Extracted data entries:
------------------------------------------------------------

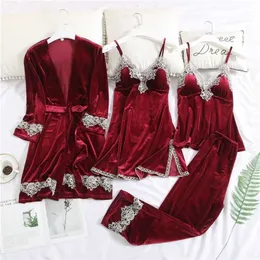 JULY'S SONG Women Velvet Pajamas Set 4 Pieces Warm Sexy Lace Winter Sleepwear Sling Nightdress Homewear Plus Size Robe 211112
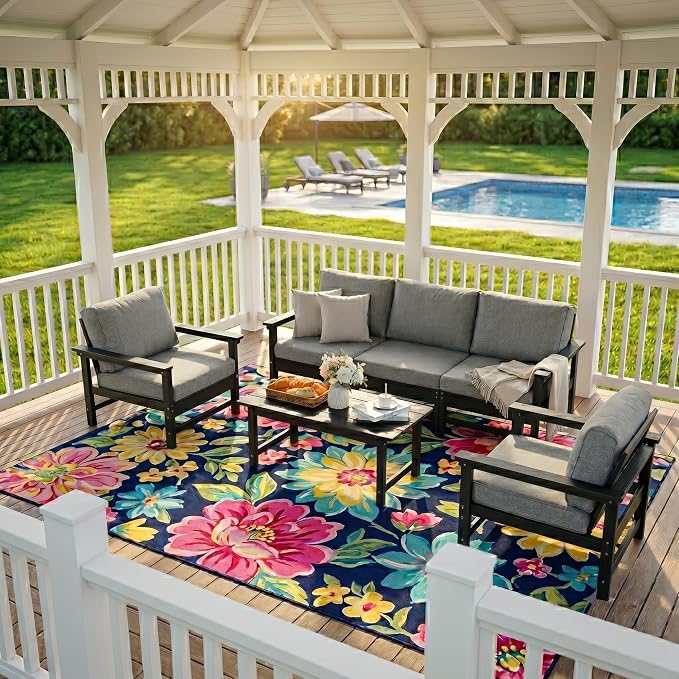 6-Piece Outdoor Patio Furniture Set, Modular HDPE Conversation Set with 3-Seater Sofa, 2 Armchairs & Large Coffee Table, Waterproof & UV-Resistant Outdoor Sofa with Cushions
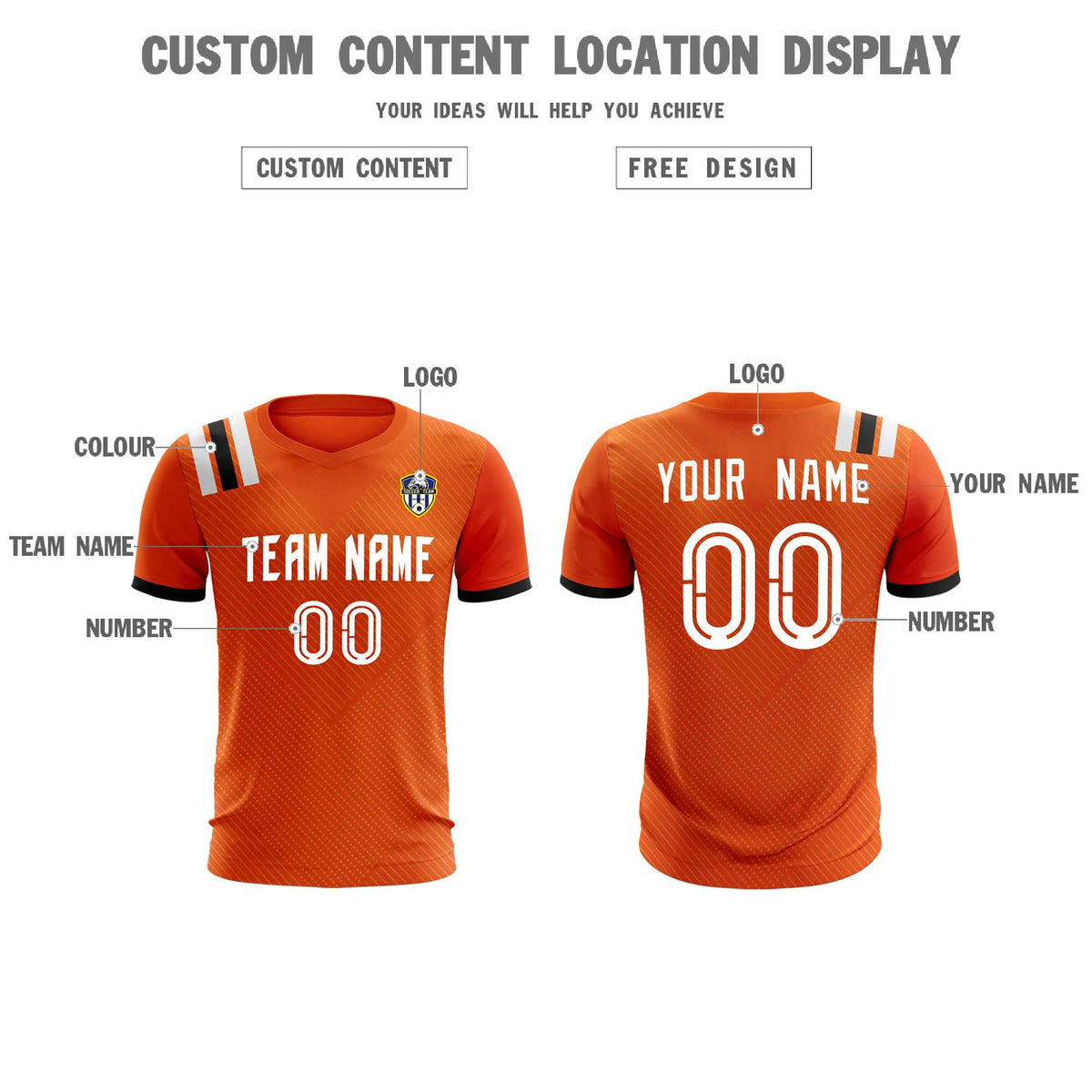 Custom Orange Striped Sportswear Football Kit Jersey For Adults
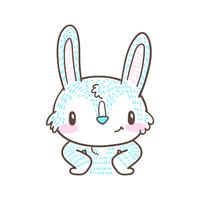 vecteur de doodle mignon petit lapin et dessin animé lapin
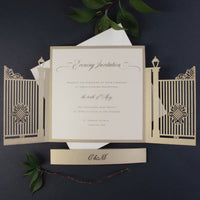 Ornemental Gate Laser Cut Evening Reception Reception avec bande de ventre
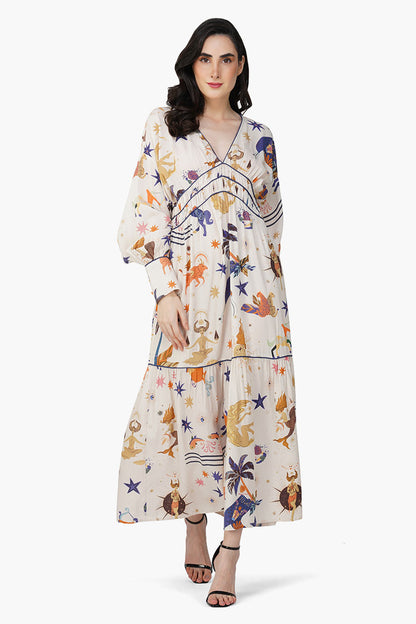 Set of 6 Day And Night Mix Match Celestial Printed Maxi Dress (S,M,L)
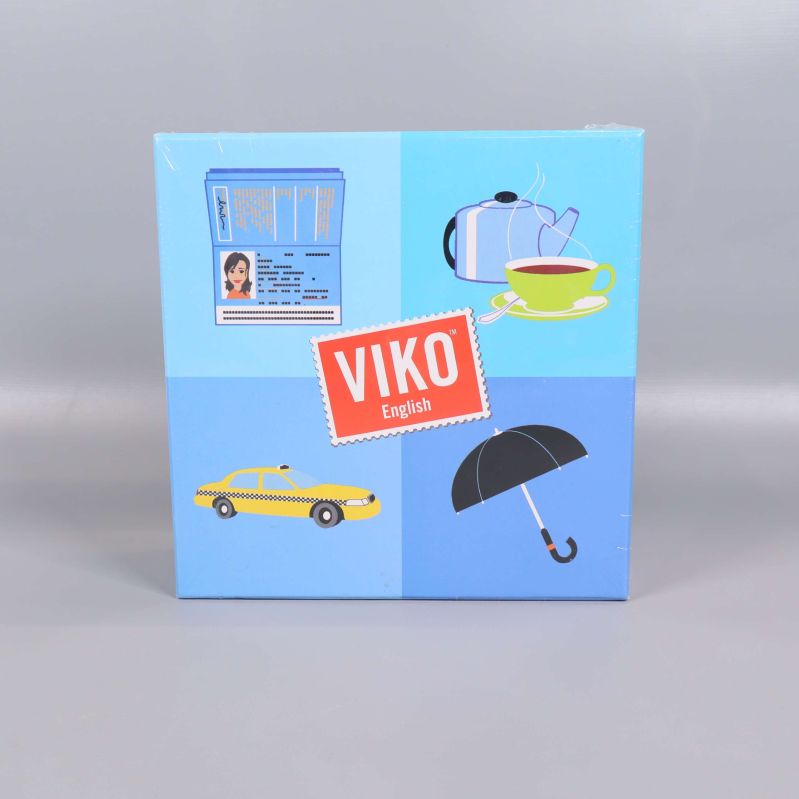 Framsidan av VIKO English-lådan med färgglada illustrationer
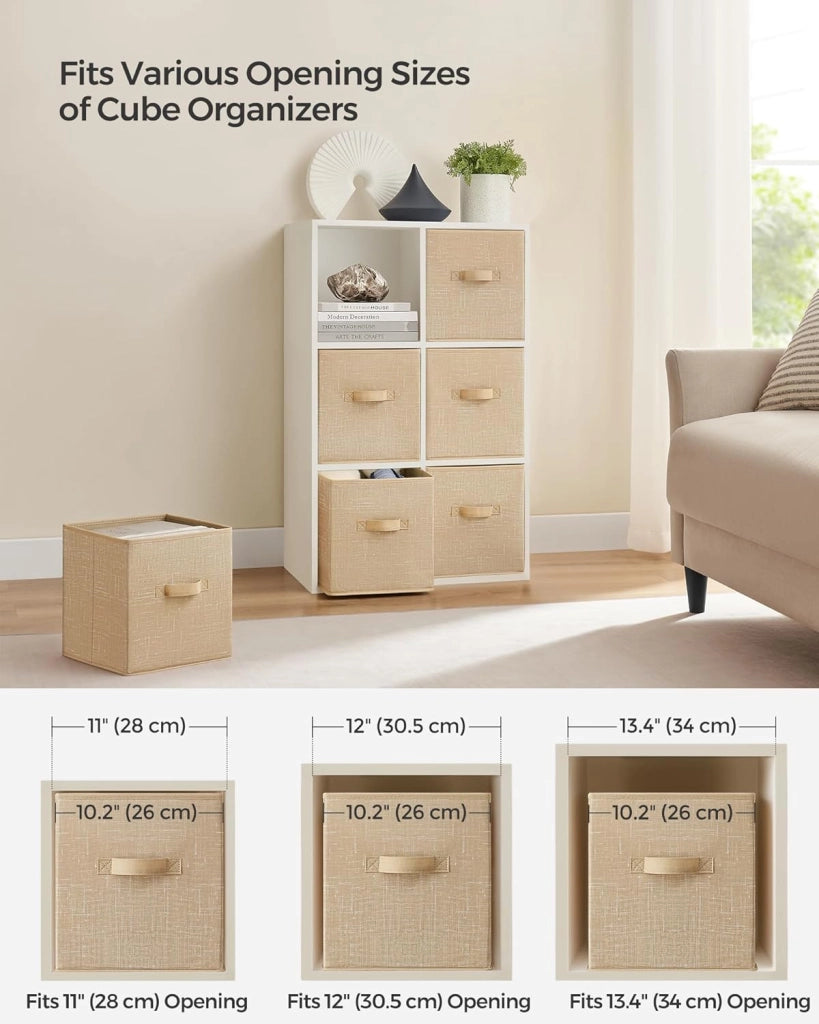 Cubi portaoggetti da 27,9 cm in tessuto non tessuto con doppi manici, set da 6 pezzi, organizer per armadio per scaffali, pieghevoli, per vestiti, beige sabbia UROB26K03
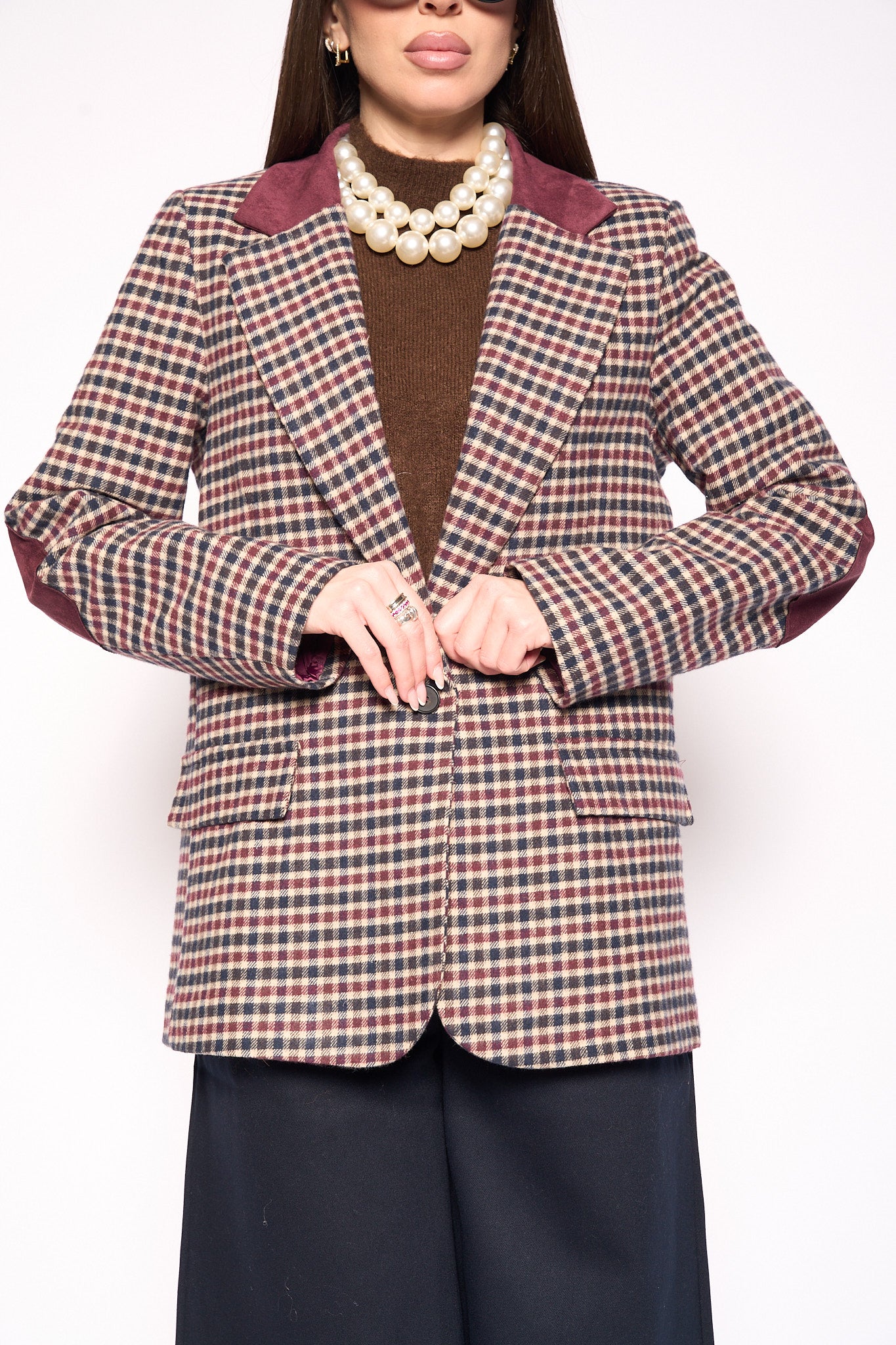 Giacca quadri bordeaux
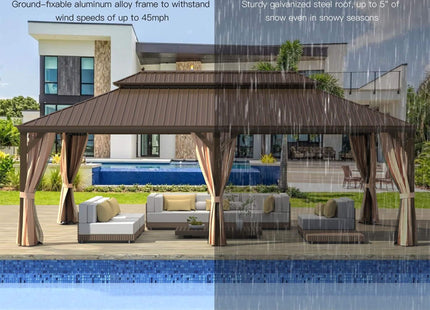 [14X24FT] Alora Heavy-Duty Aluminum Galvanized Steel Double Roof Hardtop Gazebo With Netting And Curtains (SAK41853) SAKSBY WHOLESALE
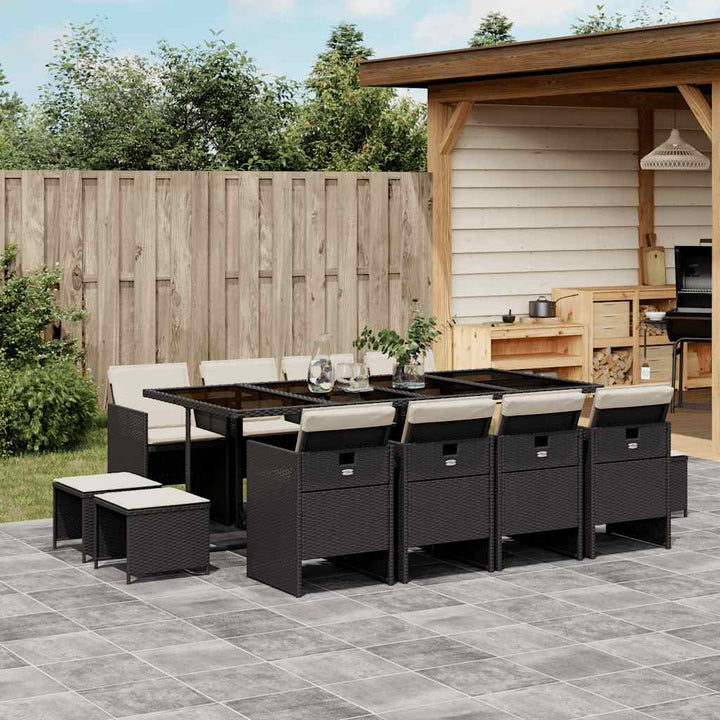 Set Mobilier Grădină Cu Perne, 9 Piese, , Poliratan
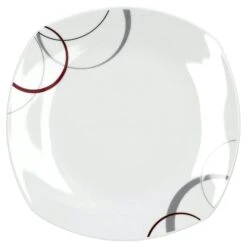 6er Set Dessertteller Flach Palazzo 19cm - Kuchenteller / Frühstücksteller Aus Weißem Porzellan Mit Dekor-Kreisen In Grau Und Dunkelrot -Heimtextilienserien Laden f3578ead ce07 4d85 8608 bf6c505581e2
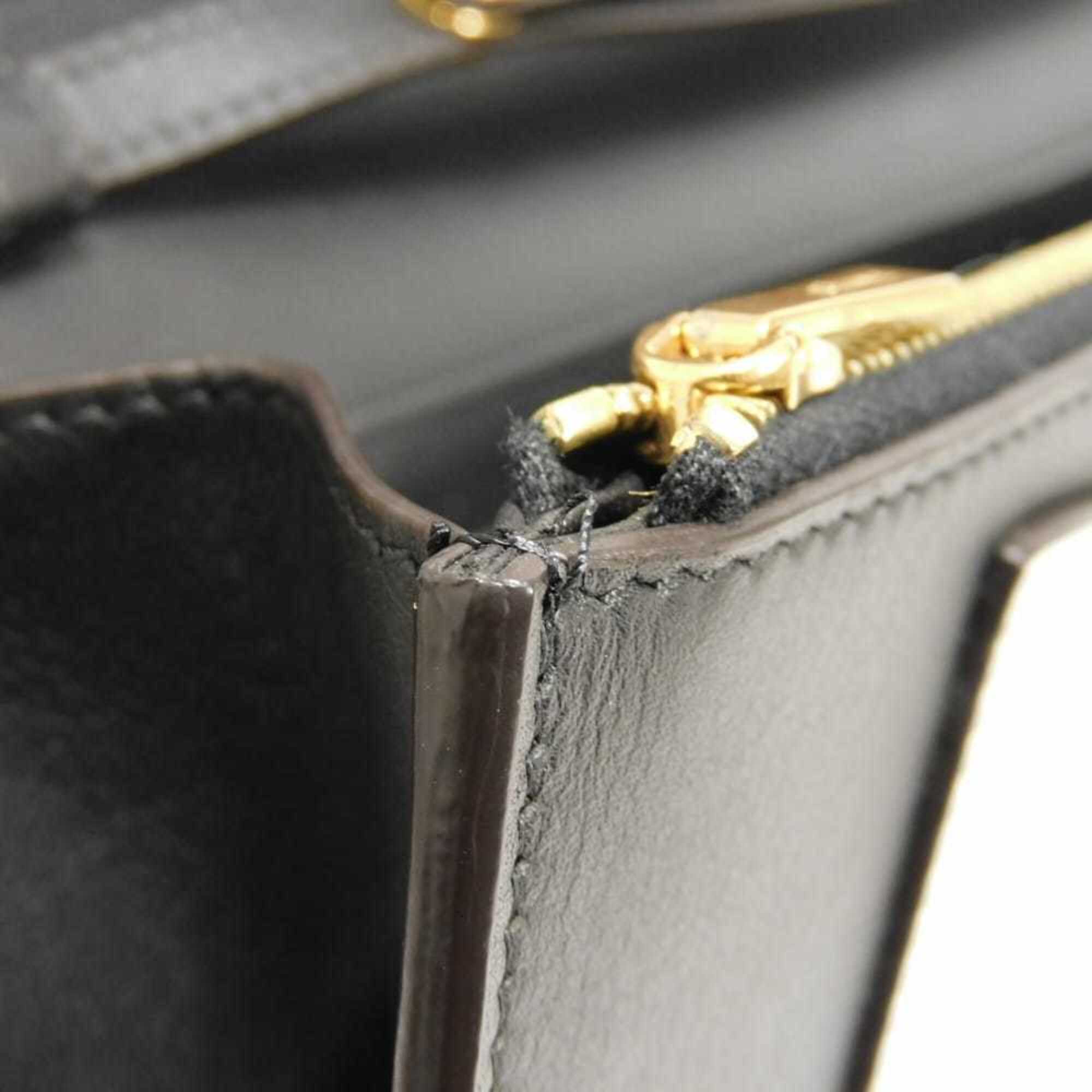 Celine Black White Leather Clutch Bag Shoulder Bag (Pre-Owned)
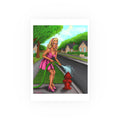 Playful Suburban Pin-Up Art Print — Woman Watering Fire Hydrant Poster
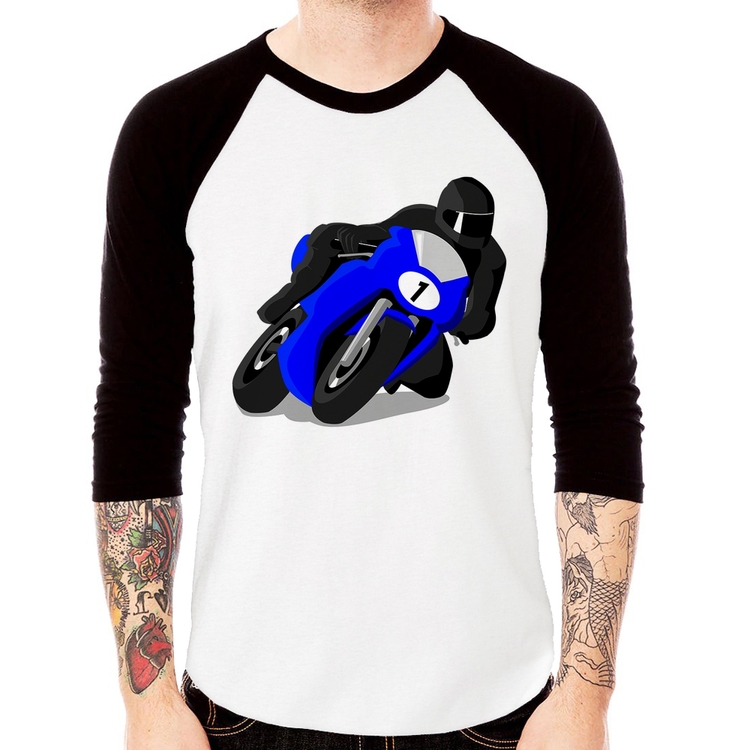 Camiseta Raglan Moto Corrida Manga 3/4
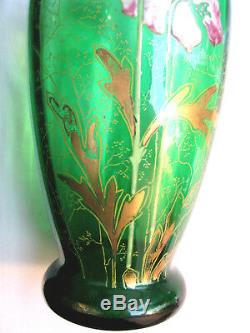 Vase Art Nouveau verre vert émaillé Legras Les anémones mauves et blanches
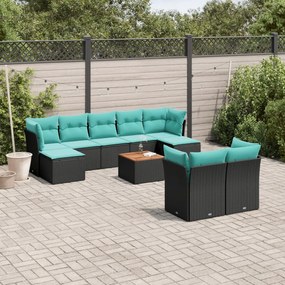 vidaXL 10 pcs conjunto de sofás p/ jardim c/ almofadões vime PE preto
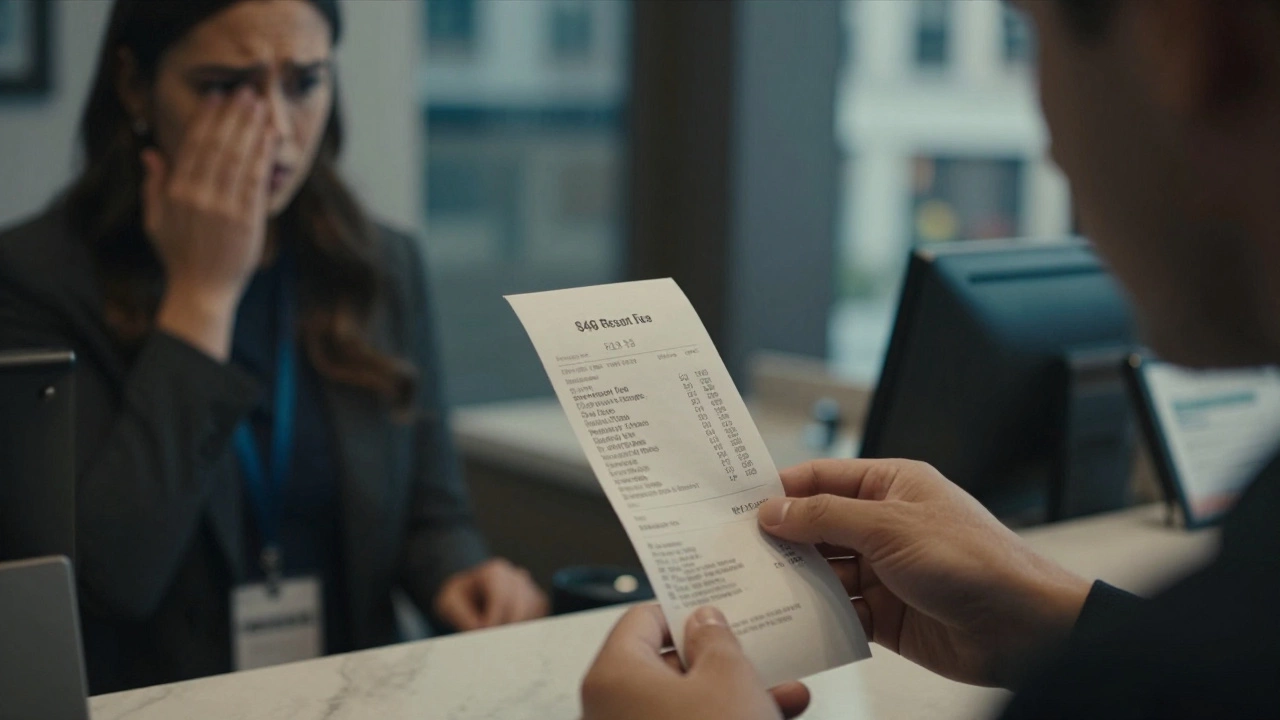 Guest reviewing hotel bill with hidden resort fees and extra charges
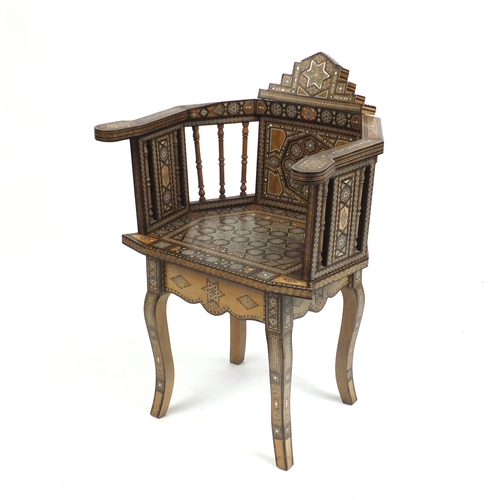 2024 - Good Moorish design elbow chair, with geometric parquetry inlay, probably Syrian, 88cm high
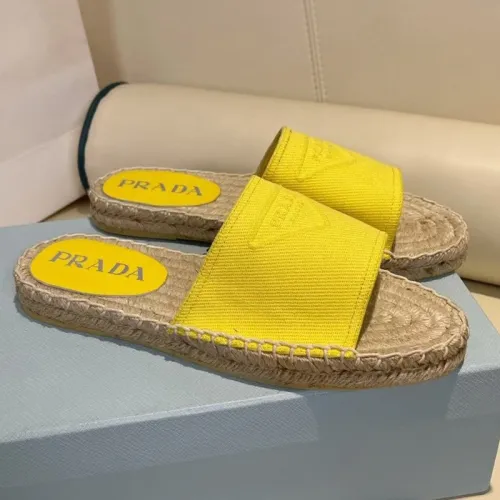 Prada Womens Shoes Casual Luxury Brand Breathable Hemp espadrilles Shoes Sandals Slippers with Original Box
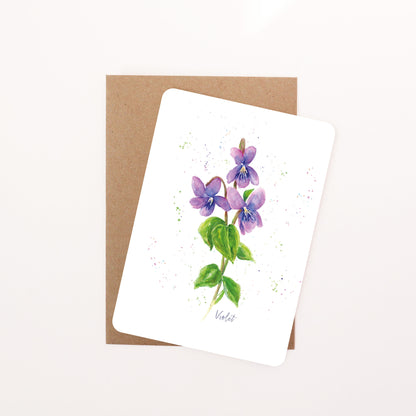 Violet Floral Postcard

------------------------------------------------------------

- [EXERCISE AIM] Reproduce all the data as it stands. The pictures are not part of the copy.

- [ANSWER SPACE]
 JULY'S SONG Women Velvet Pajamas Set 4 Pieces Warm Sexy Lace Winter Sleepwear Sling Nightdress Homewear Plus Size Robe 211112
 6-Piece Outdoor Patio Furniture Set, Modular HDPE Conversation Set with 3-Seater Sofa, 2 Armchairs & Large Coffee Table, Waterproof & UV-Resistant Outdoor Sofa with Cushions
 Custom Orange Striped Sportswear Football Kit Jersey For Adults
 vecteur de doodle mignon petit lapin et dessin animé lapin
 Ornemental Gate Laser Cut Evening Reception Reception avec bande de ventre
 Set of 6 Day And Night Mix Match Celestial Printed Maxi Dress (S,M,L)
 Framsidan av VIKO English-lådan med färgglada illustrationer
 Cubi portaoggetti da 27,9 cm in tessuto non tessuto con doppi manici, set da 6 pezzi, organizer per armadio per scaffali, pieghevoli, per vestiti, beige sabbia UROB26K03
 Giacca quadri bordeaux
 [14X24FT] Alora Heavy-Duty Aluminum Galvanized Steel Double Roof Hardtop Gazebo With Netting And Curtains (SAK41853) SAKSBY WHOLESALE
 Set Mobilier Grădină Cu Perne, 9 Piese, , Poliratan
 6er Set Dessertteller Flach Palazzo 19cm - Kuchenteller / Frühstücksteller Aus Weißem Porzellan Mit Dekor-Kreisen In Grau Und Dunkelrot -Heimtextilienserien Laden f3578ead ce07 4d85 8608 bf6c505581e2
 Celine Black White Leather Clutch Bag Shoulder Bag (Pre-Owned)
 Playful Suburban Pin-Up Art Print — Woman Watering Fire Hydrant Poster
 Camiseta Raglan Moto Corrida Manga 3/4
 Vase Art Nouveau verre vert émaillé Legras Les anémones mauves et blanches
 vidaXL 10 pcs conjunto de sofás p/ jardim c/ almofadões vime PE preto
 Guest reviewing hotel bill with hidden resort fees and extra charges
 2024 - Good Moorish design elbow chair, with geometric parquetry inlay, probably Syrian, 88cm high
 Prada Womens Shoes Casual Luxury Brand Breathable Hemp espadrilles Shoes Sandals Slippers with Original Box
 Violet Floral Postcard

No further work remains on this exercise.